Work item:
Repeat the data that follows in full. Do not include the pictures.

Task input:
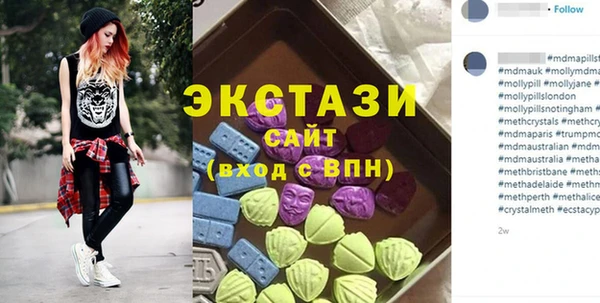 MDMA Premium VHQ Белоозёрский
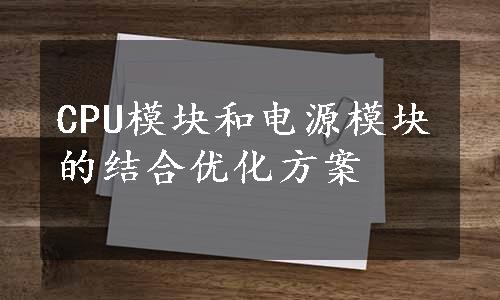 CPU模块和电源模块的结合优化方案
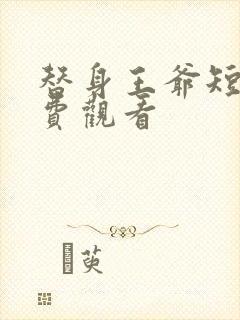 替身王爷短剧免费观看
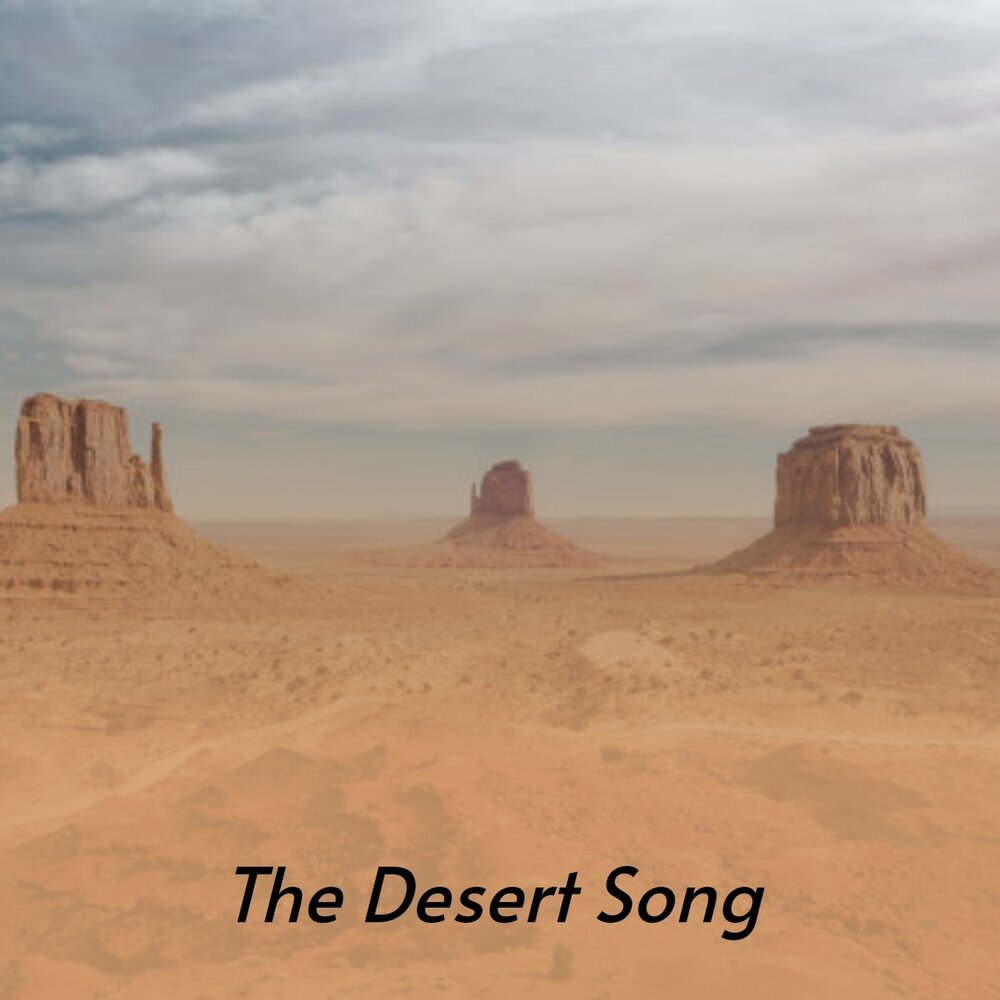 Desert song. Oscar records. Марио ланца слушать. Desert song. Retro active def leppard.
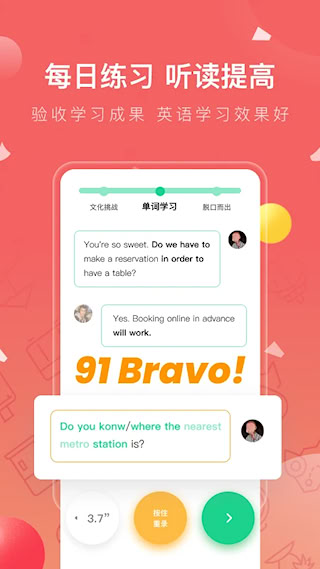 番茄英语app(3)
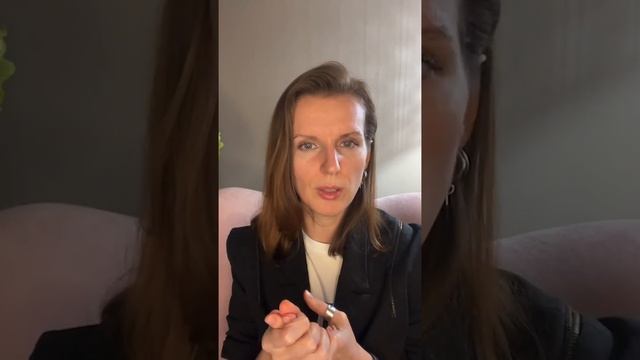 Магия [маленьких] действий. Эфир Instagram (264)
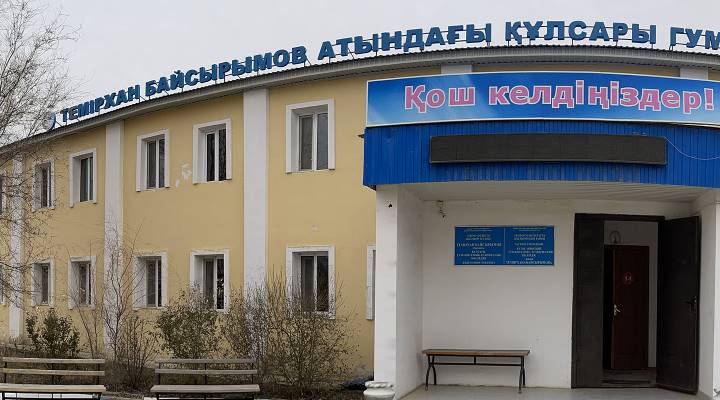 Картинка колледжа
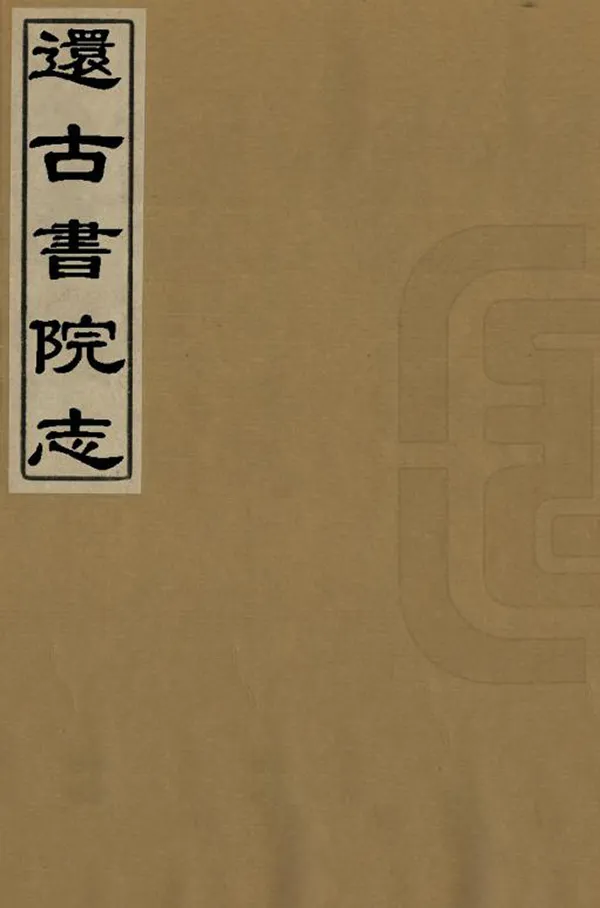 汉笺公版电子书下载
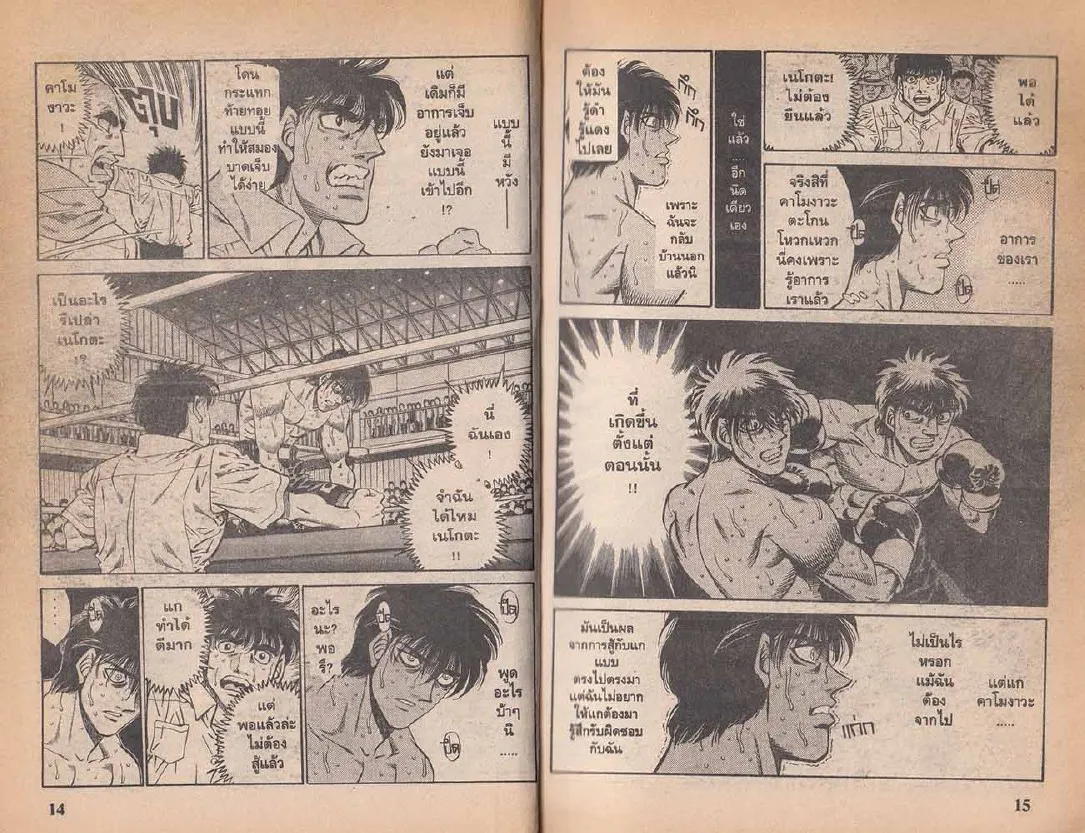 Hajime no Ippo - หน้า 8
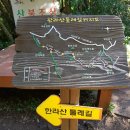 영실농장 이미지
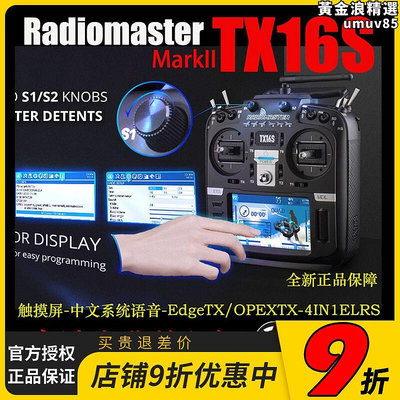 radiomaster器tx16s mark2穿越機黑羊高頻頭航模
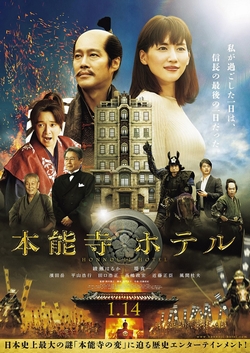 本能寺ホテル~ [DVD]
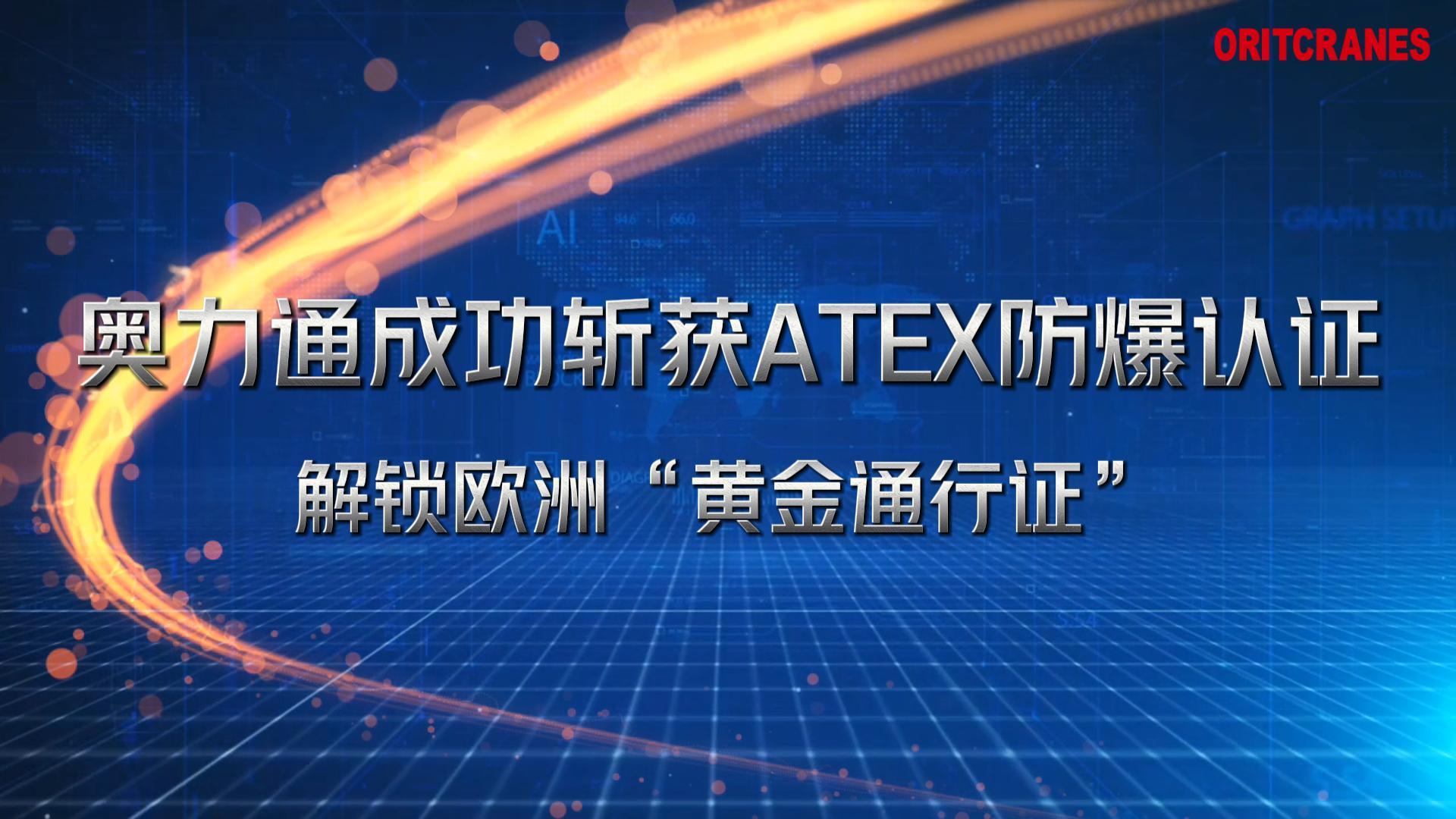 奧力通起重機成功斬獲ATEX防爆認(rèn)證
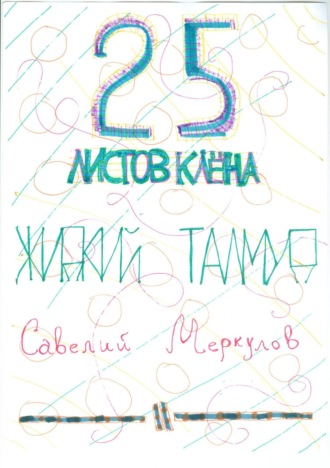 Жидкий Талмуд – 25 листков клёна. Полина Игоревна Amparo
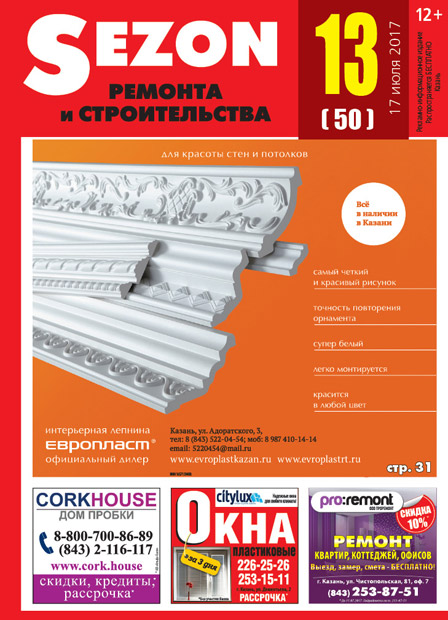 Журнал Sezon №13 (50)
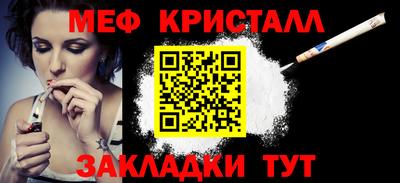 mdma Северобайкальск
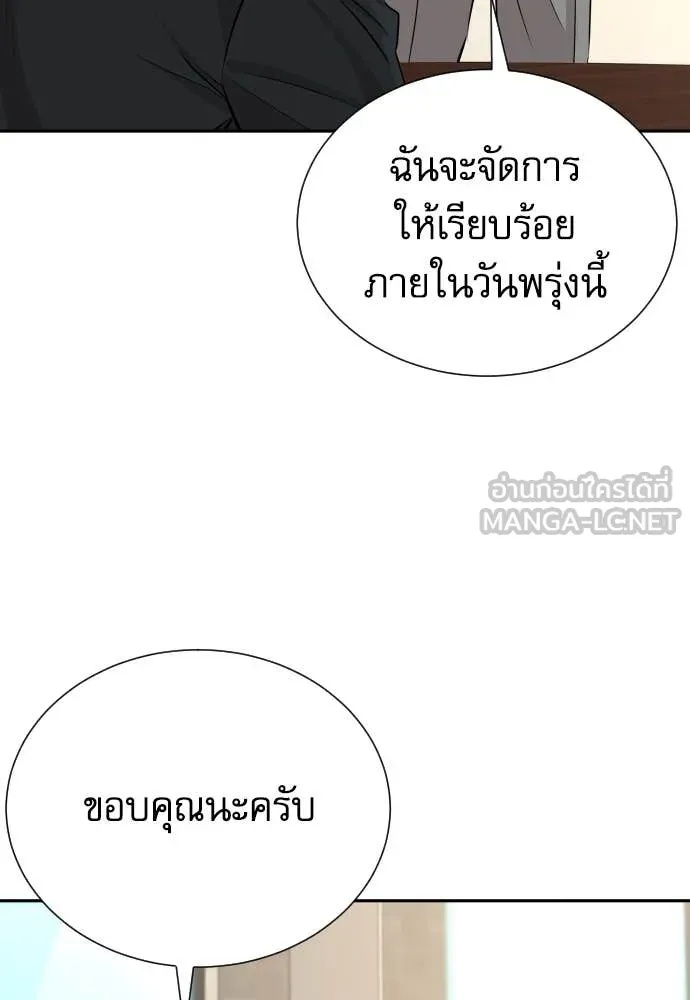 Read Genius Grandson of the Loan Shark King TH Manga Online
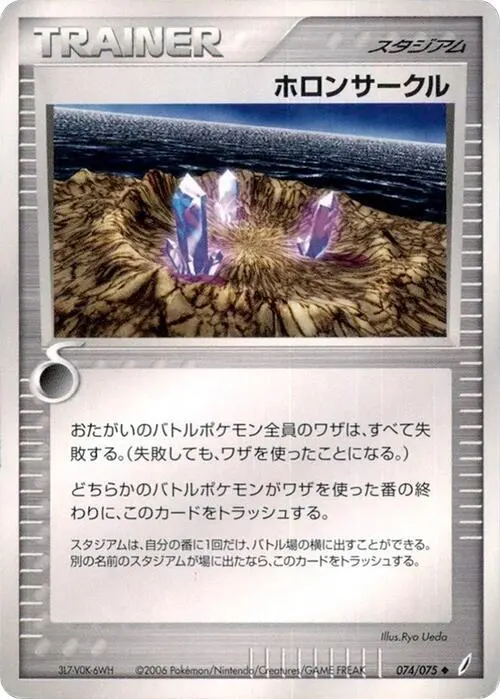 Holon Circle #74, Miracle Crystal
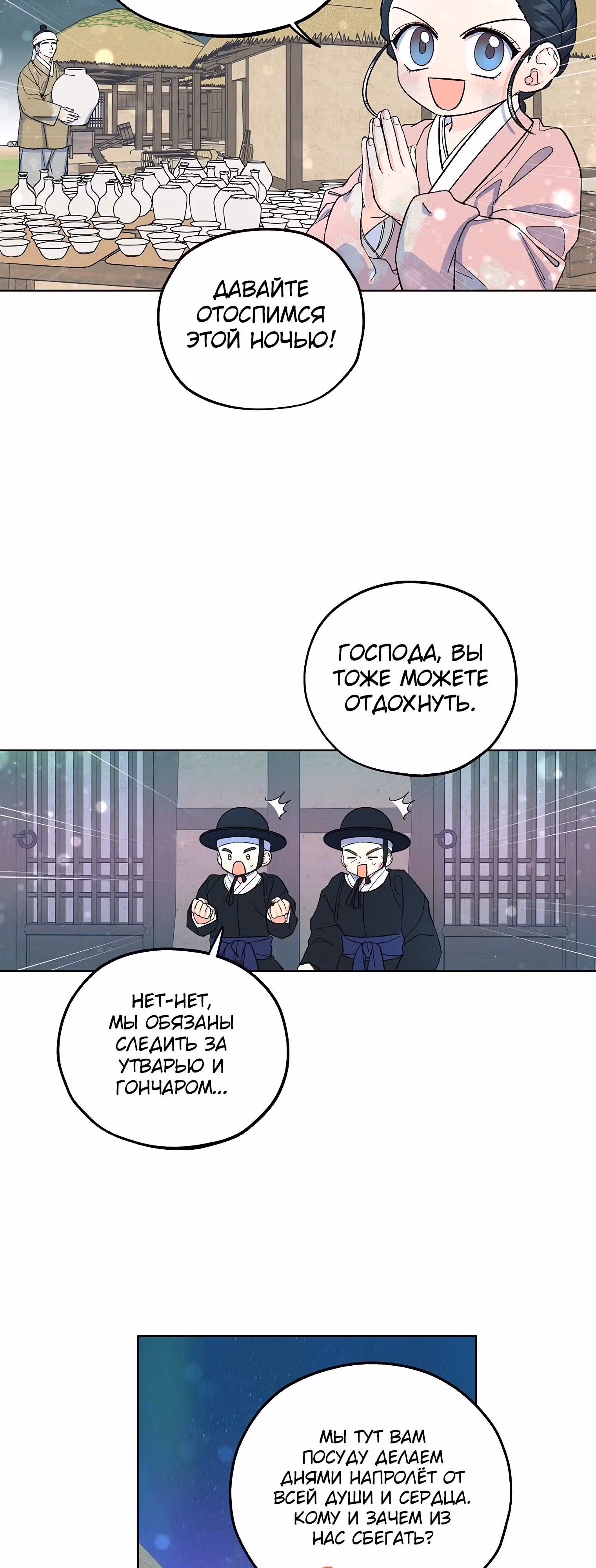 Тень луны — Том 1 · Глава 3, страница 31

Response for this exercise:
 MDMA Premium VHQ Белоозёрский
 CPU模块和电源模块的结合优化方案
 替身王爷短剧免费观看
 Desert song. Oscar records. Марио ланца слушать. Desert song. Retro active def leppard.
 番茄英语app(3)
 Магия [маленьких] действий. Эфир Instagram (264)
 Картинка колледжа
 汉笺公版电子书下载
 Hajime no Ippo - หน้า 8
 영실농장 이미지
 radiomaster器tx16s mark2穿越機黑羊高頻頭航模
 本能寺ホテル~ [DVD]
 奧力通起重機成功斬獲ATEX防爆認(rèn)證
 Жидкий Талмуд – 25 листков клёна. Полина Игоревна Amparo
 Журнал Sezon №13 (50)
 mdma Северобайкальск
 Read Genius Grandson of the Loan Shark King TH Manga Online
 Holon Circle #74, Miracle Crystal
 Тень луны — Том 1 · Глава 3, страница 31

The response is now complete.